**PROBLEM STATEMENT:** The expected response is an exact repetition of every record, with images excluded.

BEGIN DATASET CONTENT

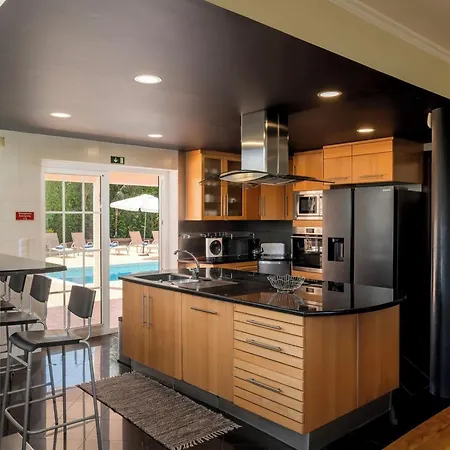 Great Family Villa In Funchal * Funchal (Madeira)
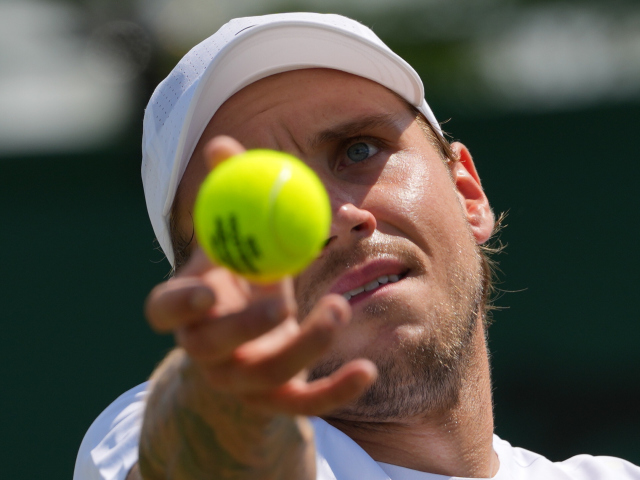 vyborne spravy z wimbledonu molcan postupil do dalsich kol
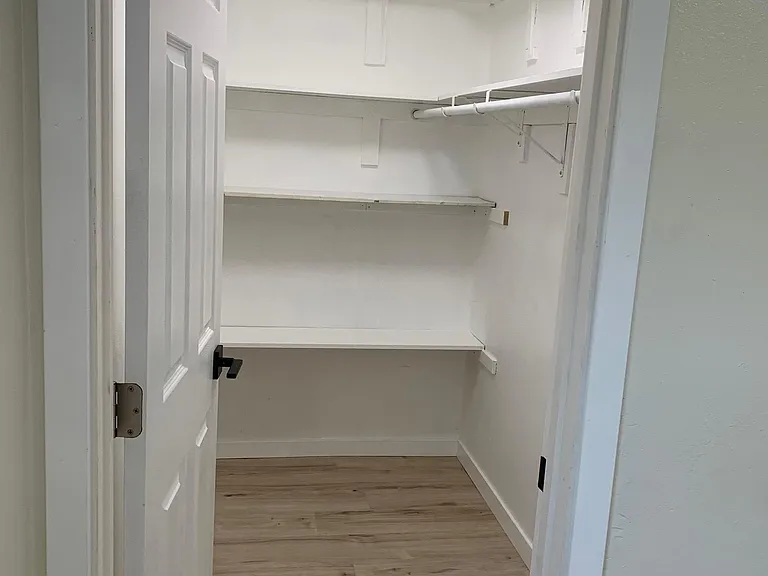 828 N Fee St — Photo 14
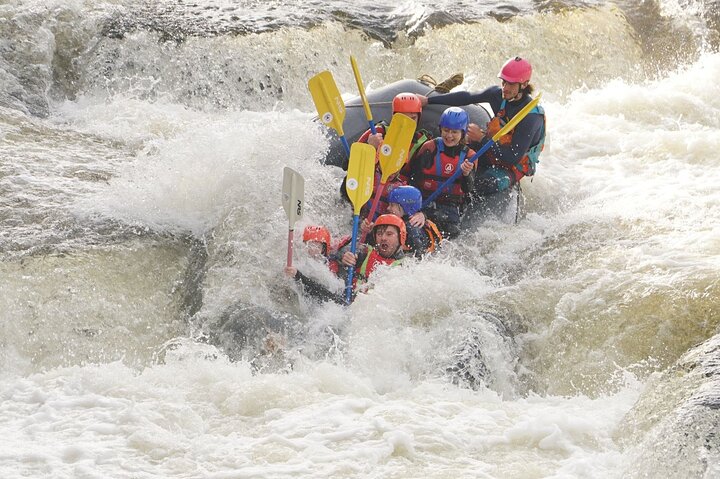Rafting en eaux vives sur la rivière Dee à Llangollen | wizardtrip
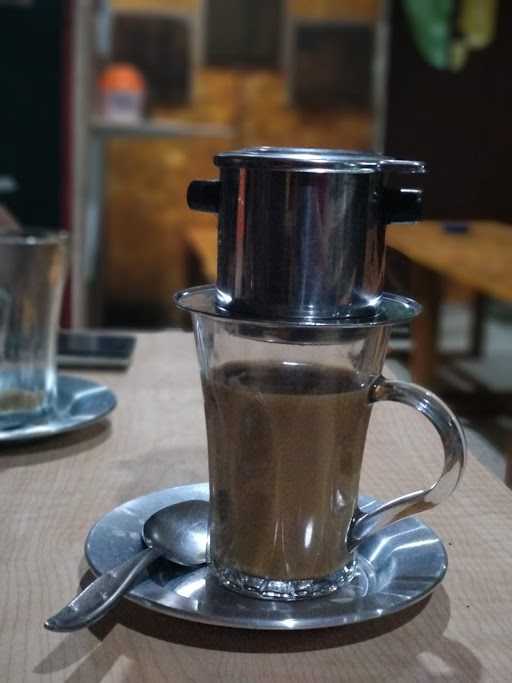 T4 Minum Kopi Lafega 3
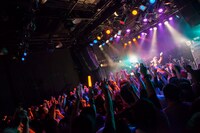 プラニメ ワンマンライブ「SAY HOW RAW!?」の様子。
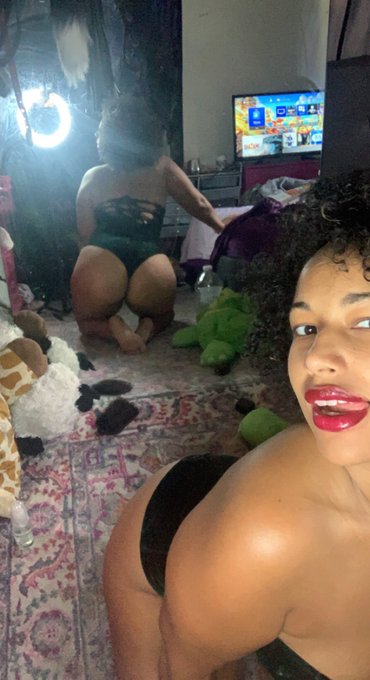 Let&rsquo;s play a game https://t.co/wlJ9IlekPx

END DATASET CONTENT

**FINISHED EXERCISE:**
 Great Family Villa In Funchal * Funchal (Madeira)
 vyborne spravy z wimbledonu molcan postupil do dalsich kol
 828 N Fee St — Photo 14
Rafting en eaux vives sur la rivière Dee à Llangollen | wizardtrip
 T4 Minum Kopi Lafega 3
 プラニメ ワンマンライブ「SAY HOW RAW!?」の様子。
 Let&rsquo;s play a game https://t.co/wlJ9IlekPx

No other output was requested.